Required action »
The result should be an exact copy of only the lines from the one holding "0 Oak Grove Dr, Three Rivers, CA 93271" through the last line of the data below, please, without pictures.

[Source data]
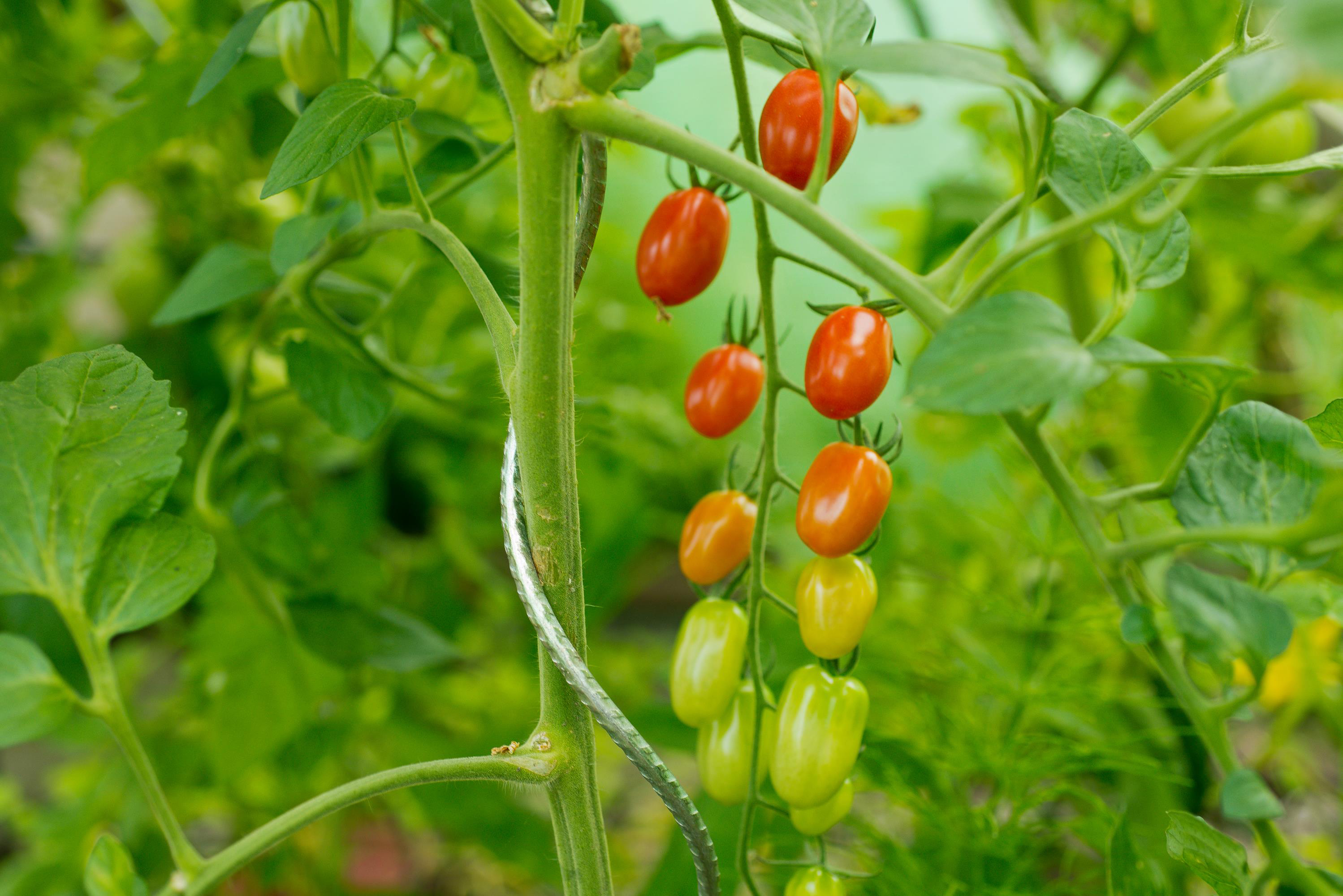 Tomatenspiraal Spiraalvormig verzinkt H1.80m Ø6.8mm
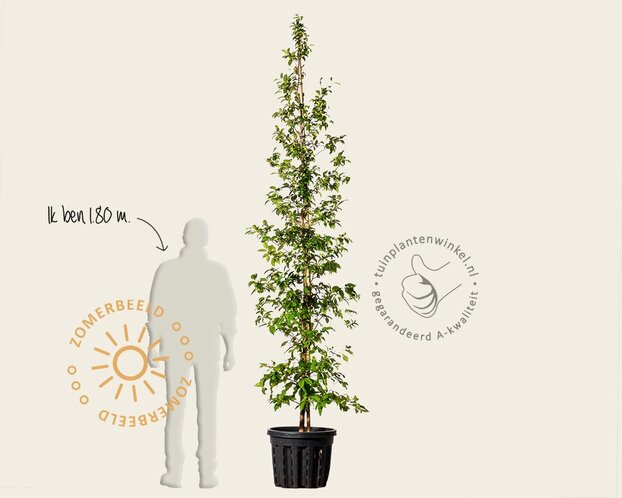 Stewartia pseudocamellia - beveerd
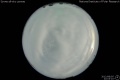 2012/8/5 22:03’10”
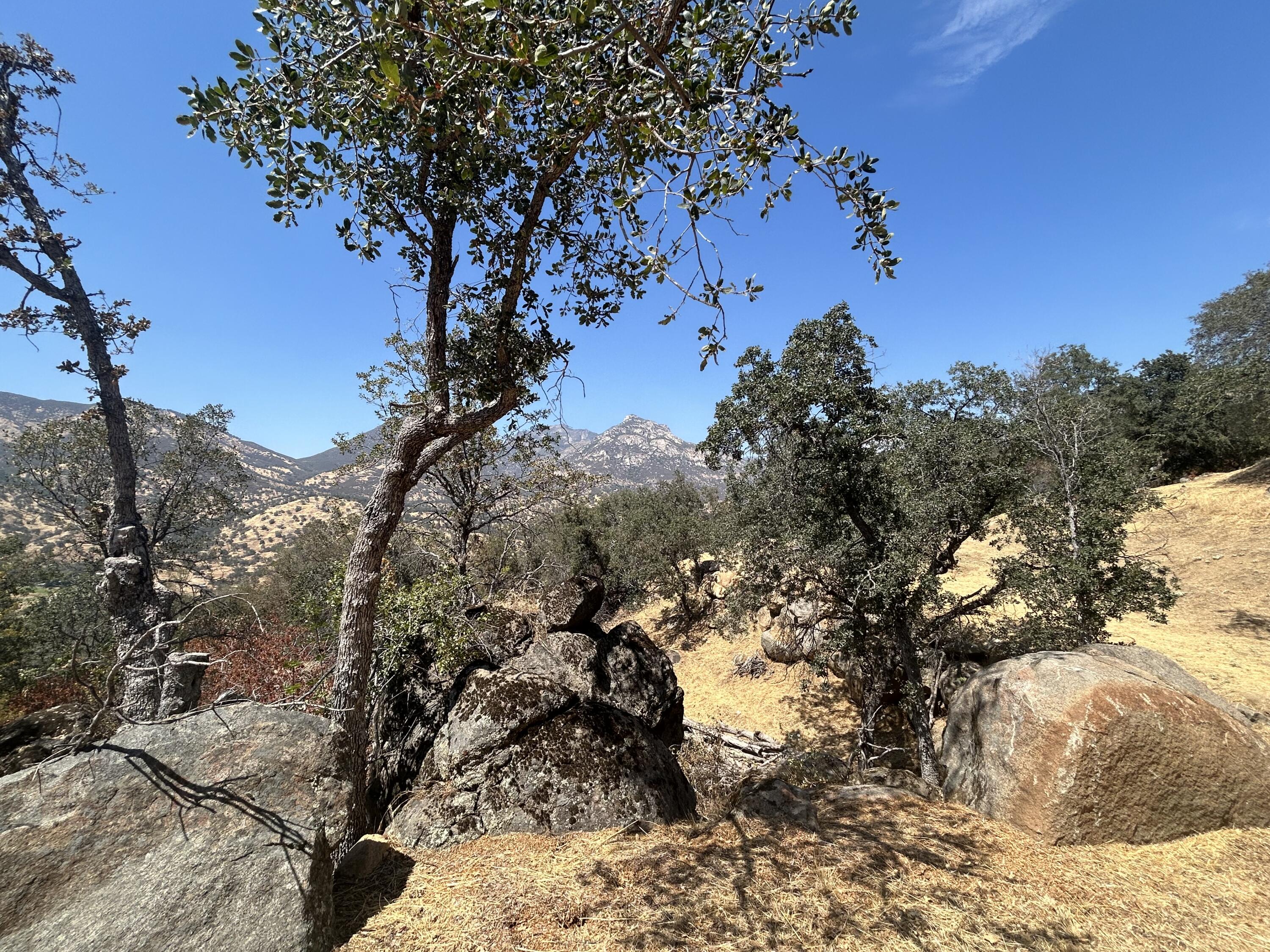 0 Oak Grove Dr, Three Rivers, CA 93271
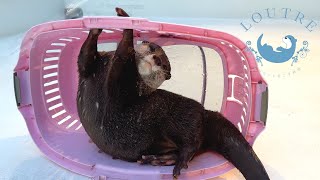 How To Please Otter Odashi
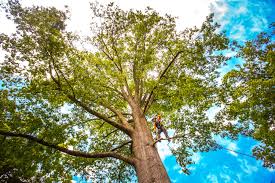 Best Tree and Shrub Care  in Worthington Hills, KY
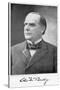 William Mckinley, 25th President of the United States, 1896-null-Stretched Canvas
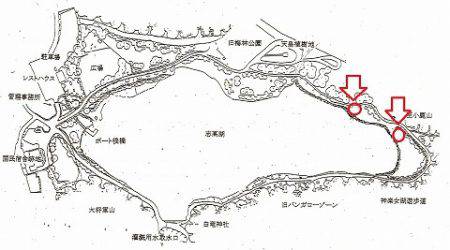 志高湖フィッシング 釣果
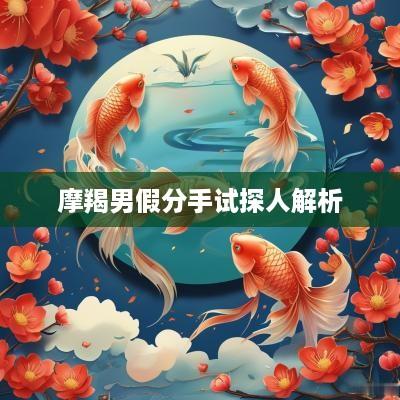 摩羯男假分手试探人解析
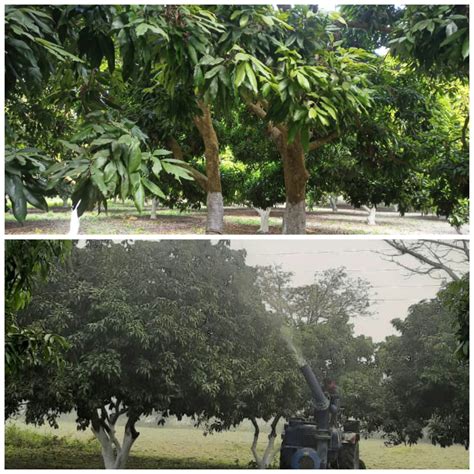 Take care of litchi in this way in the month of March for better production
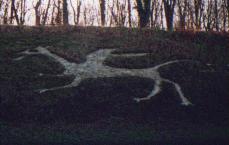The Dragon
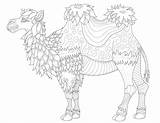 Chameau Cammelli Coloriage Camellos Dromedarios Fines Lignes Dromedare Kamele Dromedari Colorare Dromadaires Chameaux Adultos Malbuch Erwachsene Adulti Aux Coloriages Camels sketch template
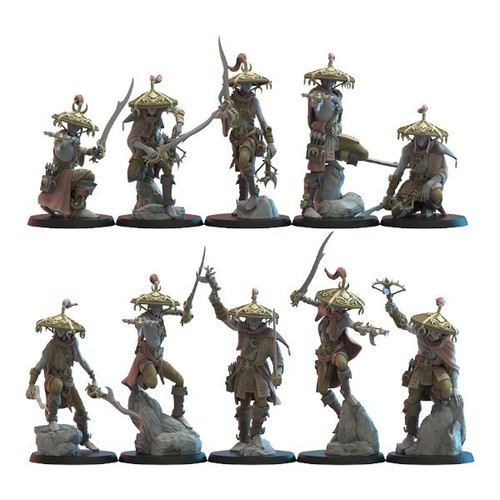 Elfes noirs corsaires - elfes,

Answer section »
 0 Oak Grove Dr, Three Rivers, CA 93271
 How To Please Otter Odashi
 Best Tree and Shrub Care  in Worthington Hills, KY
 William Mckinley, 25th President of the United States, 1896-null-Stretched Canvas
 志高湖フィッシング 釣果
 摩羯男假分手试探人解析
 Take care of litchi in this way in the month of March for better production
The Dragon
 Chameau Cammelli Coloriage Camellos Dromedarios Fines Lignes Dromedare Kamele Dromedari Colorare Dromadaires Chameaux Adultos Malbuch Erwachsene Adulti Aux Coloriages Camels sketch template
 Elfes noirs corsaires - elfes,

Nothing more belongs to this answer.